Stallone come autore ha sempre fatto i conti con il rapporto tra il proprio corpo e i valori che trasmetteva e come pochi altri a Hollywood ha saputo rendere conto allo spettatore di cosa significa invecchiare, di come appaiono un mito e un’icona mentre passa il tempo. In questo caso, Creed 2 riflette anche più del primo sull’eredità e lo fa, coerentemente con il proprio credo di autore, attraverso l’uso dei sentimenti e del proprio corpo: che in questo caso tende a scomparire, a mettersi di lato, a preparare un’uscita di scena.
Non è un caso che il film cominci con i due Drago e che finisca anche su di loro, che siano loro due e il loro dramma familiare a definire l’andamento del film (il finale sul ring è il momento più bello del film), e non è un caso che Stallone entri in scena inquadrato da lontano, fuori fuoco attraverso uno specchio: Creed 2 parla della sparizione dei padri (e della resistenza delle madri) più che del loro simbolico assassinio e lo fa mettendo in campo i valori essenziali del cinema americano, ovvero l’azione e la narrazione, fuse nel gesto del pugilato – tra i più cinegenici possibili – che diventa quindi anche un modo per Stallone, attraverso il mestiere di Caple jr., di riflettere proprio sul meccanismo del racconto nello sport.

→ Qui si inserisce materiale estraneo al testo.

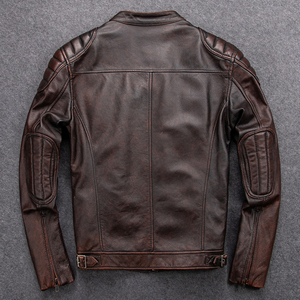 Veste en cuir de mouton originale de qualité supérieure pour homme Veste en cuir véritable de style motard OEM design vintage Veste pour homme - Product Image 1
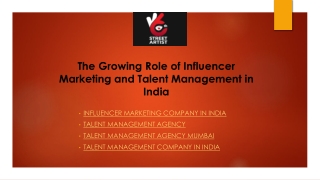 The Growing Role of Influencer Marketing and Talent Management in India
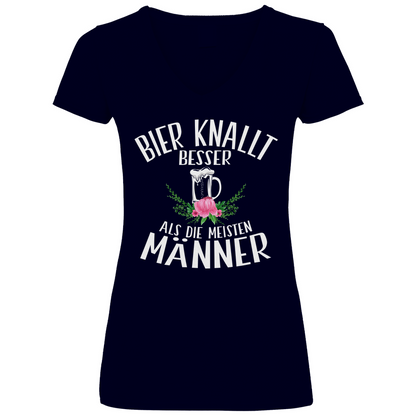Bier knallt besser als die meisten Männer - V-Neck Damenshirt Deep Navy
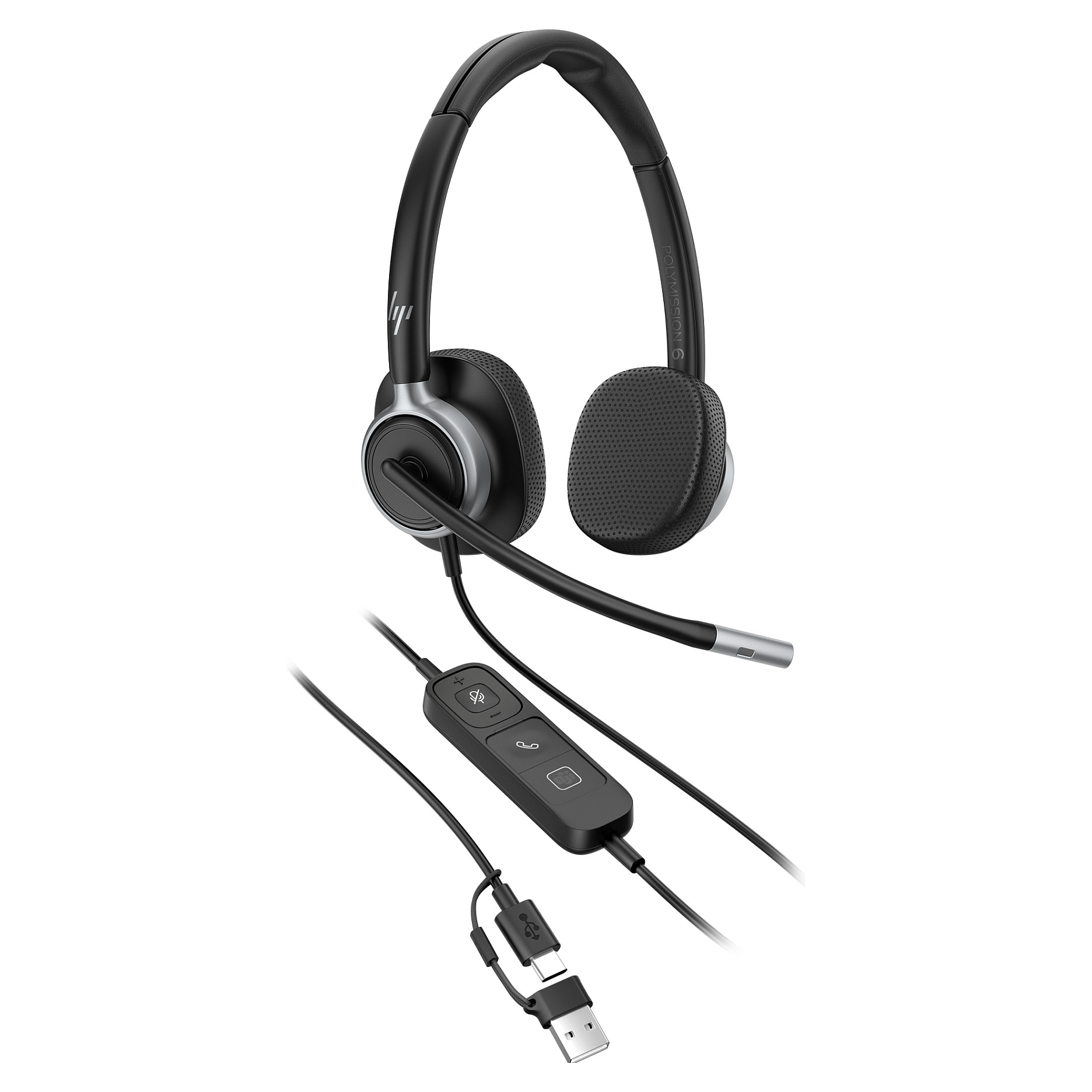Slušalice HP Poly Mission 615 (žične, USB-C, mikrofon, crne)-2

Il film ricalca un po’ troppo pedissequamente lo schema di Rocky 4 (per fortuna non la forma pubblicitaria e anabolizzata), ma proprio sul rapporto tra identità e differenza – tra i film così come tra padri e figli, con i giovani che hanno la possibilità di riparare gli errori paterni e i padri che lottano per redimersi dai loro – fonda la sua forza, sostenuta da una regia che torna alla base della costruzione emotiva, senza effetti inutili, senza sensazionalismi tecnici. Spegnendo (apparentemente) il cervello e lasciando lavorare il cuore. Perché alla fine, basta un abbraccio per conquistare il mondo.